* Exercise *
Every record below is to be retyped exactly, with the pictures left out.

Captioned web images:
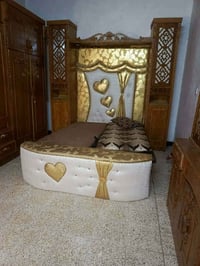 غرفة نوم • غرف نوم للبيع • غرفة نوم مستعملة • غرفة نوم كاملة • أثاث غر...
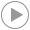 Volgende site-pagina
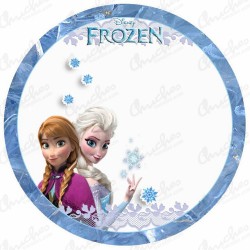 frozen-wafer-ice-queen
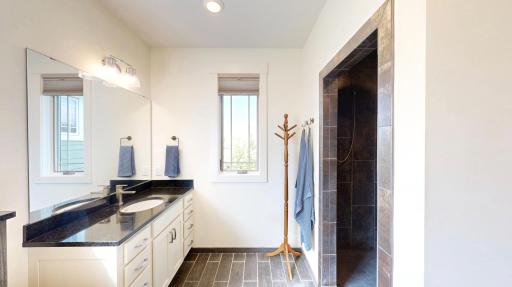 680 Indigo Lane, Northfield, MN 55057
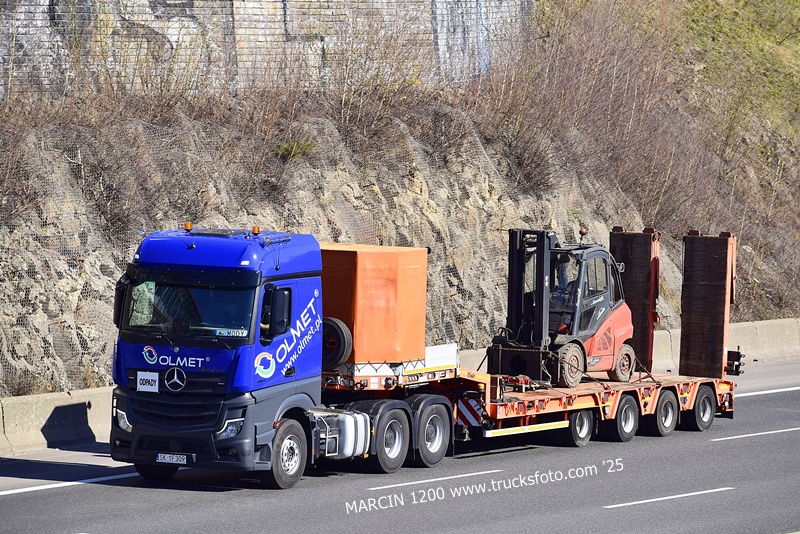 OLMET-crop-ActrosL MP5.JPG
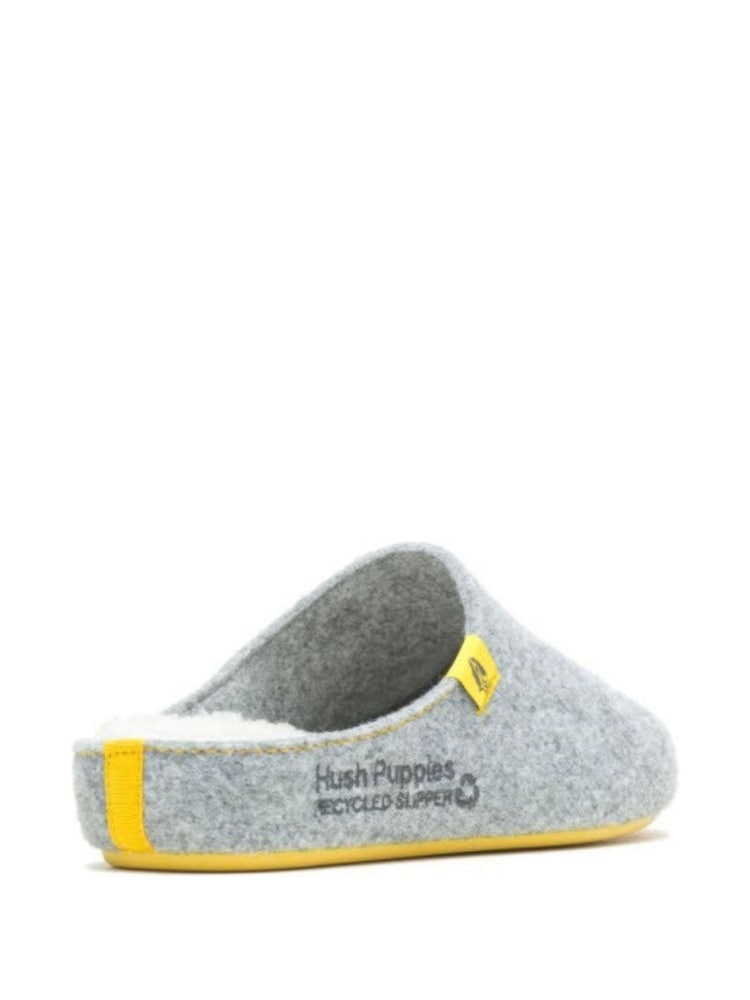 Hush Puppies The Good Slippers - Image 3 of 4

* Task output *
 غرفة نوم • غرف نوم للبيع • غرفة نوم مستعملة • غرفة نوم كاملة • أثاث غر...
 Volgende site-pagina
 frozen-wafer-ice-queen
 680 Indigo Lane, Northfield, MN 55057
 OLMET-crop-ActrosL MP5.JPG
 Hush Puppies The Good Slippers - Image 3 of 4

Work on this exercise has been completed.